After our night in beautiful Pender Harbour we woke up to the sound of rain. Or rather water cascading off the tree we were camped underneath. Phew, it wasn’t actually raining, but it was certainly soggy. Before coming onto the Sunshine Coast we’d seen the forecast wasn’t great, but equally it wasn’t a great forecast for Jasper and Banff, which is the other area we want to explore. We knew we’d be getting wet at some point….
We only had a short ride ahead of us to Egmont and we set off into greyness. It was all very stunning, in a bleak sort of way. Undoubtedly it would look very different under blue skies, but what wouldn’t change is the attitude of the car drivers, who on the whole have been fantastic and this added to our enjoyment of cycling the Sunshine Coast.
We were heading to Egmont to visit the Skookumchuck Narrows where, twice a day, the water from the surrounding inlets is funneled through a tiny area, resulting in whirlpools and tidal waves. We weren’t in a rush because the tide would be doing it’s magic until gone 4pm. We walked out to the Skookumchuck Narrows through the British Columbia woodland, hoping not to have to run away from elks or stand our ground against bears. The Narrows were very impressive and as the clouds rolled away we could also see snow capped mountains raising up in the British Columbia interior. Philippa had found the Strongwater bunkhouse in Egmont and so we spent the evening in a quaint wooden hut, complete with heating which helped to dry out our tent. Dinner was booked on the deck outside and we had tasty pudding from the Skookumchuck Bakery.

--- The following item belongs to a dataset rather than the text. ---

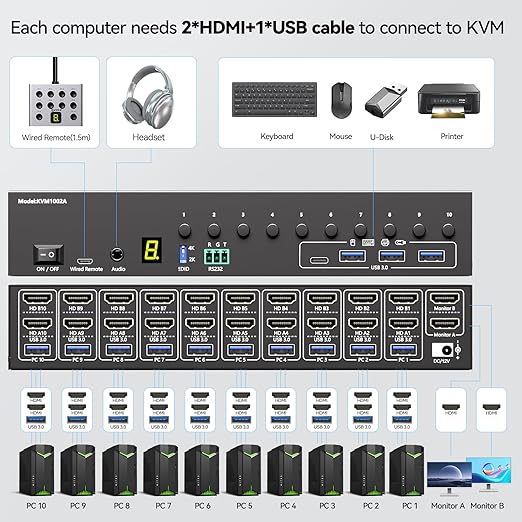 10 Port HDMI KVM Switch 2 Monitors 10 Computers 4K@60Hz EDID Simulation,Dual Monitor KVM Switch with 4 USB 3.0 Ports for Keyboard Mouse Printer,Audio RS232,with Controller,12V Power and 10 USB Cables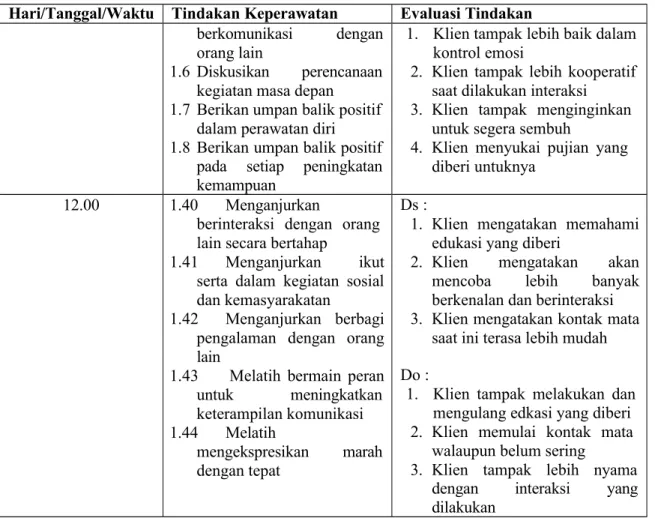 Tabel 4. 6    Implementasi Klien 2 (Ny.S)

Sunday involved backtracking to Earls Cove (like a lot of place names that we’ve come across the apostrophe that probably should be present has vanished), but not before we’d revisited the Skookumchuck Bakery for an amazingly delicious cinnamon bun. From Earls Cove we had another ferry ride from one part of the mainland to another. Upon disembarking at Saltery Bay we let the cars go ahead and that meant we had the road to ourselves. The skies were still grey, but the cycling was still great. The major town on this part of the coast is Powell River where we’d thought about stopping. However, we’d elected to continue to Lund, which was the right decision because Powell River seemed pretty run down, whereas Lund was a beautiful little village at the end of the Sunshine Coast highway. There’s a 0 mile marker in Lund for the start of Highway 101 that runs south down the Pacific Coast through the USA and as we will use a lot of 101 we got a photograph of the marker.
This morning (Monday) we were woken up by more rain and worryingly the brand new outer part of our tent hadn’t done a very good job of keeping out the couple of hours of rain. We may have to contact eXXpozed. Again. At least the rain had stopped by the time we had to take down the tent, so we set off back to Powell River after saying goodbye to the friendly campsite owner. (Why is everyone in Canada so friendly and cheerful? Philippa thinks she’d get deported if she lived here for being too grumpy.) We did have to make a detour via the Lund bakery to collect a blackberry and a pecan bun.
We’re now on the ferry over to Vancouver Island. Before boarding we ate the blackberry bun, which was incredible. So much so that Philippa had difficultly not eating it all herself. We’ve still got the pecan one to sample. Tonight we are being hosted in Merville and then we’re going to head onto Quadra Island for two nights. Hopefully the blue skies will reappear at some point.